On the right side of India House, as you face it, is a small marker about 12 feet up the side of the building marking Stone Street--the crooked lane that was the first paved street in New York. Walk one block down Stone Street, turn left and then walk one more block and turn right back onto Pearl Street.

Walk one block south and turn left at Coenties Slip then walk one block to Water Street. Cross the street to the plaza adjacent to 55 Water St. to see New York’s Vietnam Veterans War Memorial: a glass block wall with phrases from soldiers’ letters home etched in its surface. The memorial was designed by architects Peter Wormser and William Fellows, and erected in 1985.

Retrace your steps to Pearl Street, turn south (left) and walk about two blocks to the corner of Pearl and Broad streets to the Fraunces Tavern National Historic District: a block long row of Federal and Greek Revival buildings dating from the 1770s to the 1820s. On the corner of Pearl and Broad, at 54 Pearl St., is the three-story Georgian-style Fraunces Tavern, which was built in 1719. Only about half the original building remains; it was refurbished to resemble a typical city tavern of the period, not a faithful reproduction of the original Queens Head Tavern. The ground floor is still a restaurant and the two upper floors are a museum.

At the top of the stairs on the second floor is the Long Room, furnished the way it was believed to have looked on the night of Dec. 4, 1783, when George Washington bade an emotional farewell to Continental Army officers there.
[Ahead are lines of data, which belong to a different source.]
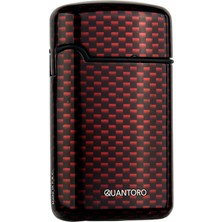 Quantoro Üç Torch Pürmüz Delicili Kırmızı Karbon Desenli Metal Puro Çakmağı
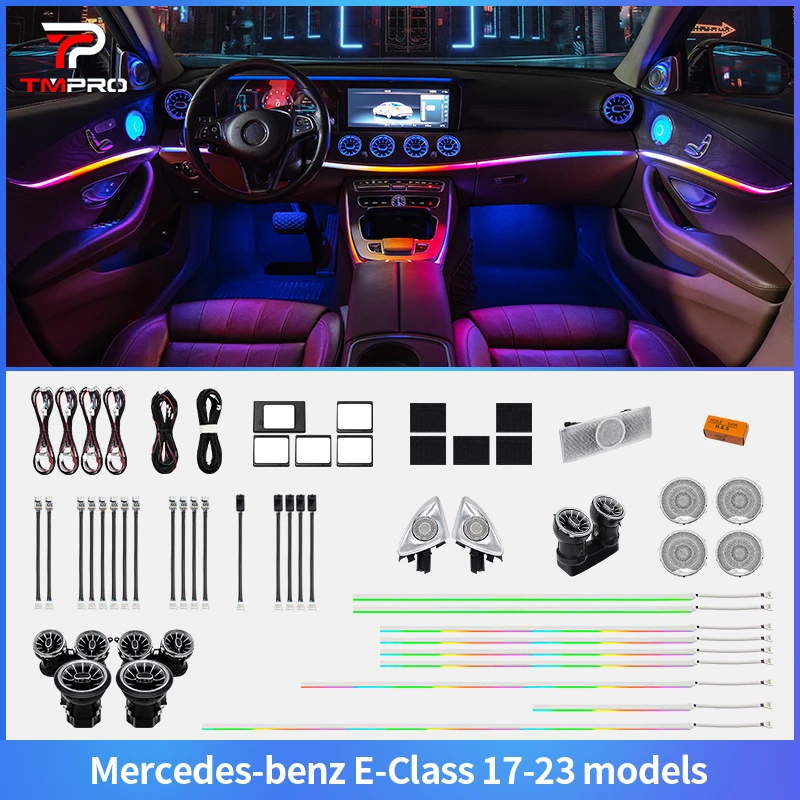 64 Colors LED Ambient Lighting For Mercedes-Benz W213 E-Class Coupe AMG E43 E53 E250 2017-2023 Automotive Interior Decoration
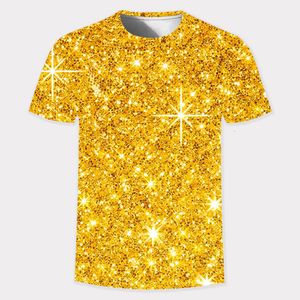 Herr t-shirts män t-shirt 3d gyllene glitter digital tryck t-shirt o-hals kort ärm mäns casual personlighet t-shirt tee topps 230504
An adjacent room is furnished in the manner of a tavern’s private dining room in the 18th Century.

Cross the street and then bear right onto Broad Street and follow it west one block to South William Street. Turn right onto South William and three blocks away at the corner of South William, Beaver and William streets is Delmonico’s Restaurant, at 56 Beaver St., in an eight-story brick and brownstone building dating from 1891. Delmonico’s has been the most famous restaurant in the financial district since its opening in 1837. Mark Twain celebrated his 70th birthday here and the dessert baked Alaska was invented by the restaurant’s chef in honor of the purchase of Alaska from Russia in 1867.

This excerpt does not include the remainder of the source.